Task instructions:
Beginning with the line that holds "A.Goff - Dont Make Sense (Music Video)", copy each line to the end of the records exactly, except the pictures.

Dataset entries:
┏━━

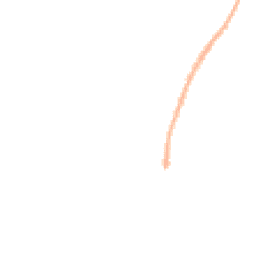 Night-time road noise heatmap for BB7 9ZT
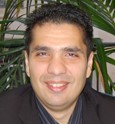 Photo de profil de Saada Stephane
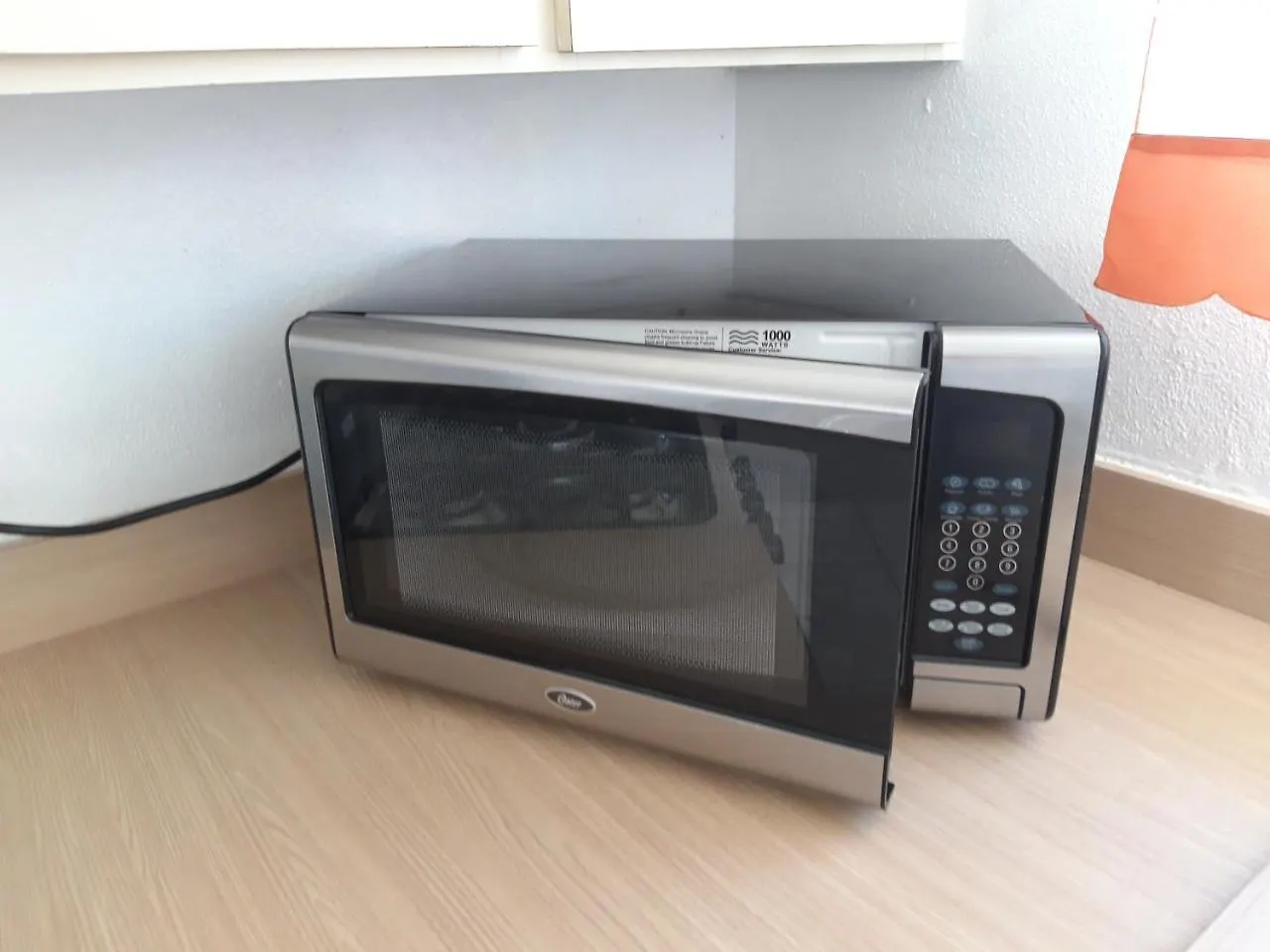 Personal Touch 1 Apartment Nassau 0*,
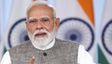 पीएम मोदी बोले- भारत बना विंड एनर्जी में चौथा सबसे बड़ा देश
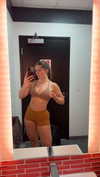 ameliabfit Altpins Profile Picture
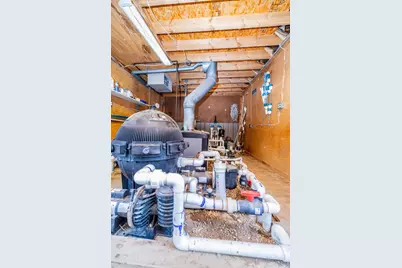 704 N Rose Farm Road, Woodstock, IL 60098 - Photo 71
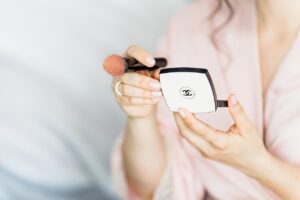 化粧品のコスパを最大化する方法は？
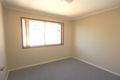 Property photo of 14/7-9 Loder Street Biggera Waters QLD 4216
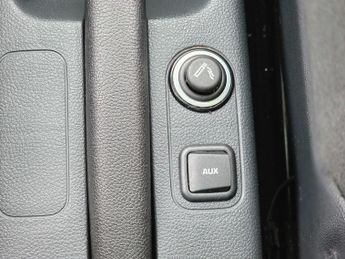 Skoda Roomster 1.2 TSI SE DSG Euro 5 5dr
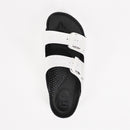 GP AQUOS 柏肯防水拖鞋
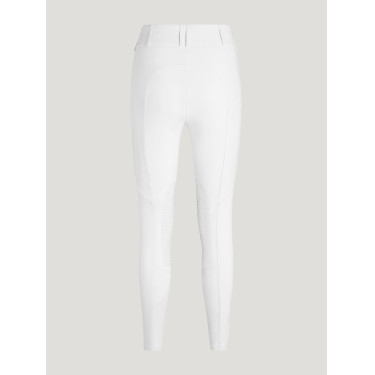 Pantalon Tommy Hilfiger Equestrian Helena femme grip genoux Pantalon Tommy Hilfiger Equestrian Helena femme grip genoux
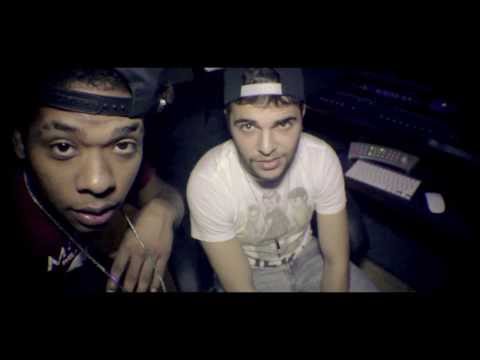 A.Goff - Dont Make Sense (Music Video)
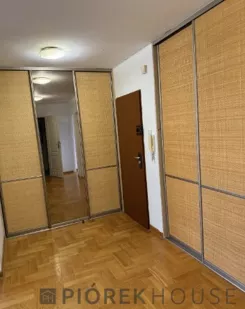 88264/6624/OMS - zdjęcie nr 3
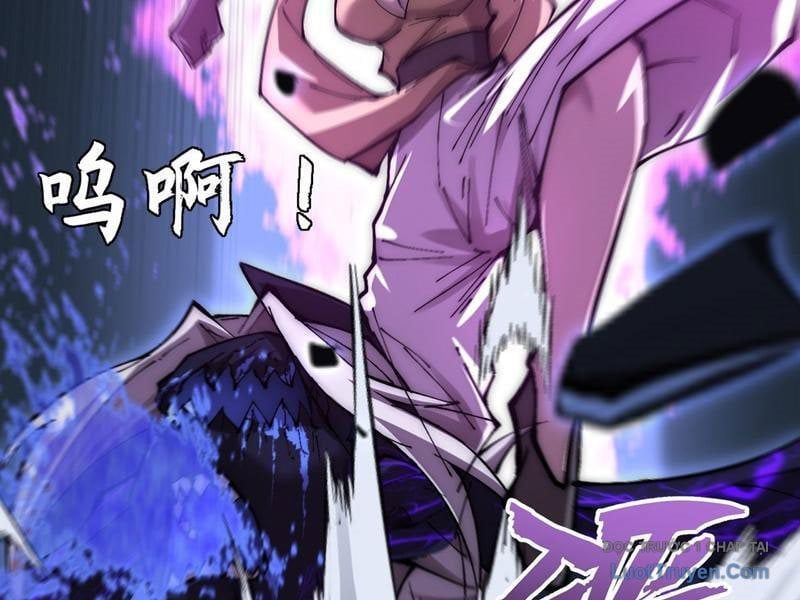 đọc truyện Quỷ Trọc Tiên Đạo Chương 62 ảnh 51 tại Thiên Thai Truyện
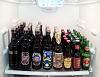 Beer of the Day thread (and ci-derp)-beer-fridge-small.jpg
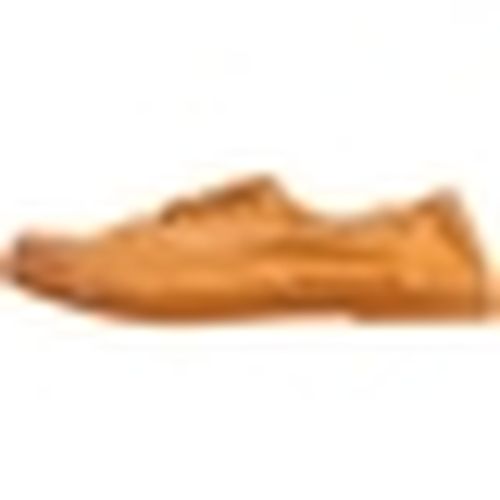 Sneakers basse 279285 - Natural World - Modalova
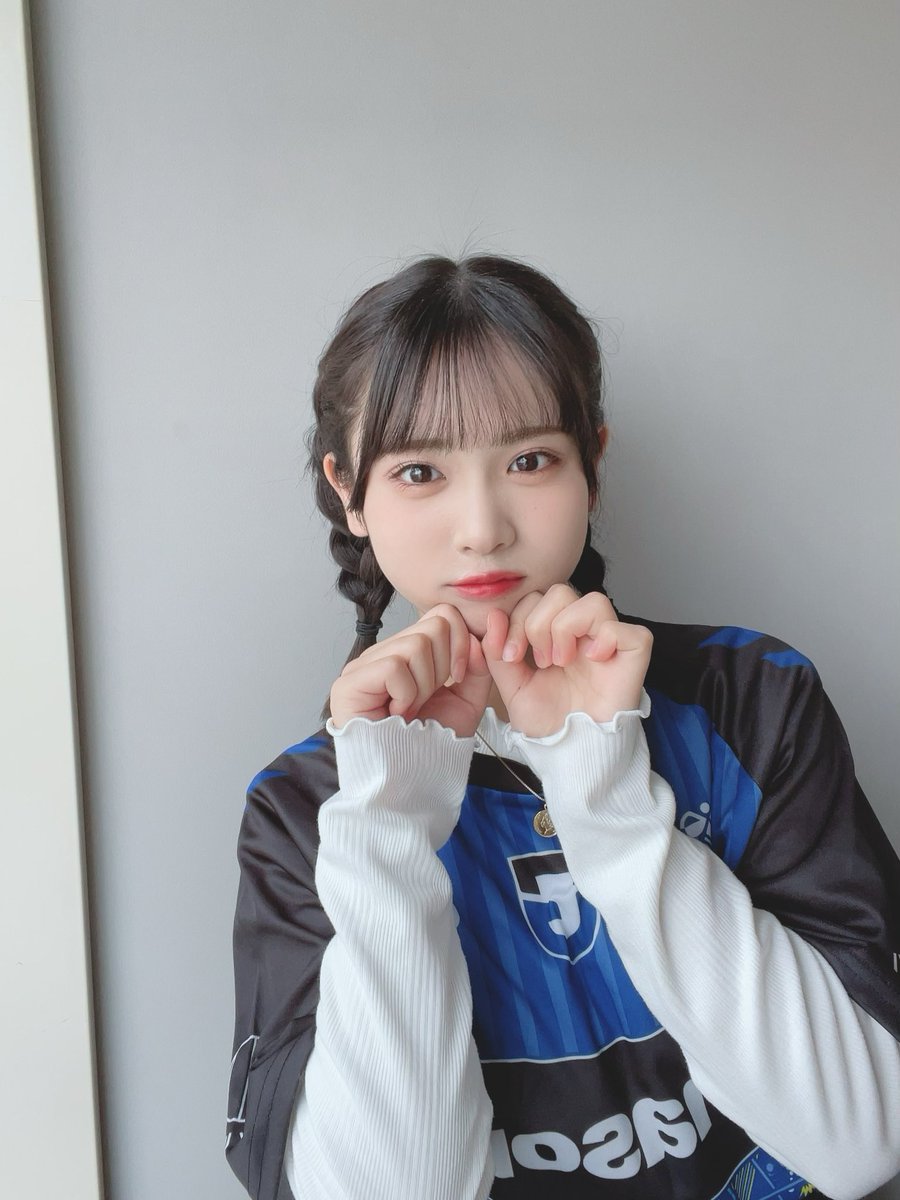 芳賀礼　goodspoon G5h6cITbcAMqbZF.jpg?format=jpg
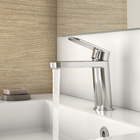 Monoc lav bb icone cr-sensea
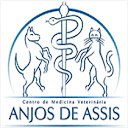 Centro De Medicina Veterinária Anjos De Assis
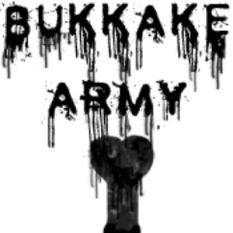 Bukkake Army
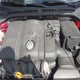 3VWDP7AJ8CM372049 2012 Volkswagen Jetta 2.5L Se auction photo thumbnail 10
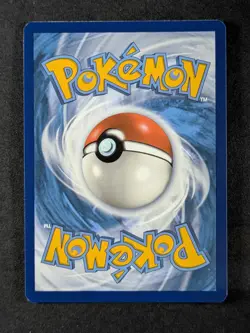 2020 Pokemon CHARIZARD #SWSH066 Black Star Promo Vivid Voltage Prerelease ENG - Image 2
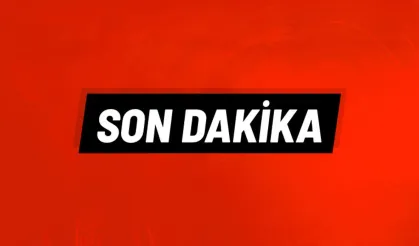 Büyükşehir Belediyesi'ne yönelik operasyon... 7 gözaltı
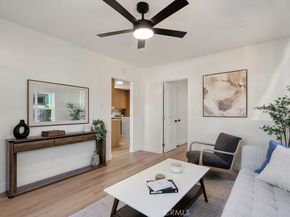 508 Vermont Street, Altadena CA 91001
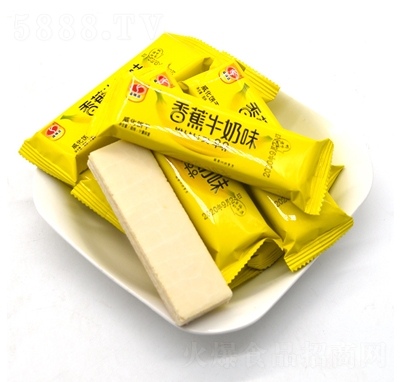 �����_�㽶ţ��ζ����ɂ��y(t��ng)���c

┗━━

Your response:
 A.Goff - Dont Make Sense (Music Video)
 88264/6624/OMS - zdjęcie nr 3
 đọc truyện Quỷ Trọc Tiên Đạo Chương 62 ảnh 51 tại Thiên Thai Truyện
 Beer of the Day thread (and ci-derp)-beer-fridge-small.jpg
 Sneakers basse 279285 - Natural World - Modalova
 芳賀礼　goodspoon G5h6cITbcAMqbZF.jpg?format=jpg
 Monoc lav bb icone cr-sensea
 Centro De Medicina Veterinária Anjos De Assis
 Bukkake Army
 3VWDP7AJ8CM372049 2012 Volkswagen Jetta 2.5L Se auction photo thumbnail 10
 2020 Pokemon CHARIZARD #SWSH066 Black Star Promo Vivid Voltage Prerelease ENG - Image 2
 Büyükşehir Belediyesi'ne yönelik operasyon... 7 gözaltı
 508 Vermont Street, Altadena CA 91001
 �����_�㽶ţ��ζ����ɂ��y(t��ng)���c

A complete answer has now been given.